# Parasite in shrimp tanks. HELP !!!



## plamski (Oct 27, 2009)

Hello. I just found that I have those parasites in my CRS, Sulawesi and tiger shrimp tanks.
Any Ideas what is it and how to treat them?


----------



## HeyPK (Jan 23, 2004)

Those are not parasites; they are ostracods. They can do some damage to plants if they get numerous. Other than that, they are harmless. They are very difficult to eliminate, although fish that like to munch on crunchy foods might keep their population low. If you just have to get rid of them, move all your shrimp to a new aquarium with a rinse stop in an intermediate aquarium. Don't move any plants or snails. Then get a submersible heater and heat the aquarium with the ostracods to at least 70 degrees C (158 degrees F).


----------



## digital_gods (Apr 23, 2010)

My Least Killifish love those. I see them patrolling the floor of my tank looking for them. I need to get more tasty creatures for them.


----------



## Coralite (Nov 29, 2008)

HeyPK said:


> Those are not parasites; they are ostracods.

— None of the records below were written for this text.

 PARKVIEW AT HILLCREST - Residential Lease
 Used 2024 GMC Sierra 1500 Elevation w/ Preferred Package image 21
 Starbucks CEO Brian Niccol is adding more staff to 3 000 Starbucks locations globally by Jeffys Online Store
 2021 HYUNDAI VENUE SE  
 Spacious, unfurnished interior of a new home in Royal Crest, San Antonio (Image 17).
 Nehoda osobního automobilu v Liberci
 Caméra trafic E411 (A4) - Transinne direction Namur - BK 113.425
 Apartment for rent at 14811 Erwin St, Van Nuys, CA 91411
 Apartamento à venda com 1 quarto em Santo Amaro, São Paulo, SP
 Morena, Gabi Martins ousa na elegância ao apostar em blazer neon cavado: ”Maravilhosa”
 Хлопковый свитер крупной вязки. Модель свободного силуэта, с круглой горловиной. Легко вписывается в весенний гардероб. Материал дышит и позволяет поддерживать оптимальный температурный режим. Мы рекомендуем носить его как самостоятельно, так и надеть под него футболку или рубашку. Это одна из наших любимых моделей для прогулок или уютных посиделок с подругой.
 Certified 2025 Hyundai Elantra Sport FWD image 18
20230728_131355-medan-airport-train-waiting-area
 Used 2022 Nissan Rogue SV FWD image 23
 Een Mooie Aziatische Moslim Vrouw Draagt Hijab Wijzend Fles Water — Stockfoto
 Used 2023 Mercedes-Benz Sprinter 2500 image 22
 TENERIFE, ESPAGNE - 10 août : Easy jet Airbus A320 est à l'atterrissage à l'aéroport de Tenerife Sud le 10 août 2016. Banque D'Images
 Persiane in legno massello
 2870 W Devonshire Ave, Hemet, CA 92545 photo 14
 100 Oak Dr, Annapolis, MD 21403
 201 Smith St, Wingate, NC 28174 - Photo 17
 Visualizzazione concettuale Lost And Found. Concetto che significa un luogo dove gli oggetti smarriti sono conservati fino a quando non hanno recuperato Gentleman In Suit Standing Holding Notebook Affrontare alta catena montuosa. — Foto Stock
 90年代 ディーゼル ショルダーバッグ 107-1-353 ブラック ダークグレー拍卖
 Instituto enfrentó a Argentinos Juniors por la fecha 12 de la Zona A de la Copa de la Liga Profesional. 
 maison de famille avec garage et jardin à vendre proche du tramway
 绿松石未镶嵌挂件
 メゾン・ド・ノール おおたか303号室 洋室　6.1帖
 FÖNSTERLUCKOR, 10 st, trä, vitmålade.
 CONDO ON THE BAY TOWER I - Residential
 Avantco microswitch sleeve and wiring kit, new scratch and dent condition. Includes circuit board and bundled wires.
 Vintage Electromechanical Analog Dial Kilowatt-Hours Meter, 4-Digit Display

Great call on the ID PK, not many people know what ostracods are, I didnt even know that they occur in fresh water.


----------



## plamski (Oct 27, 2009)

They are small and hard to be seen.I saw them with my Nikon macro lens.


----------



## Southern (Jul 17, 2010)

I use ostracods to feed Apistogrammas


----------



## Zapins (Jul 28, 2004)

I used them to raise an eft I found in a local pond. Here is a pic of him when he was about 3 inches long


----------



## phil79 (Jun 16, 2010)

A lot of people may only know them as seed or clam shrimp, I always thought that they fed on algae and diatoms and not the plants themselves.


----------



## plamski (Oct 27, 2009)

They use to be in very large numbers at the beginning. Now they are very few left.


----------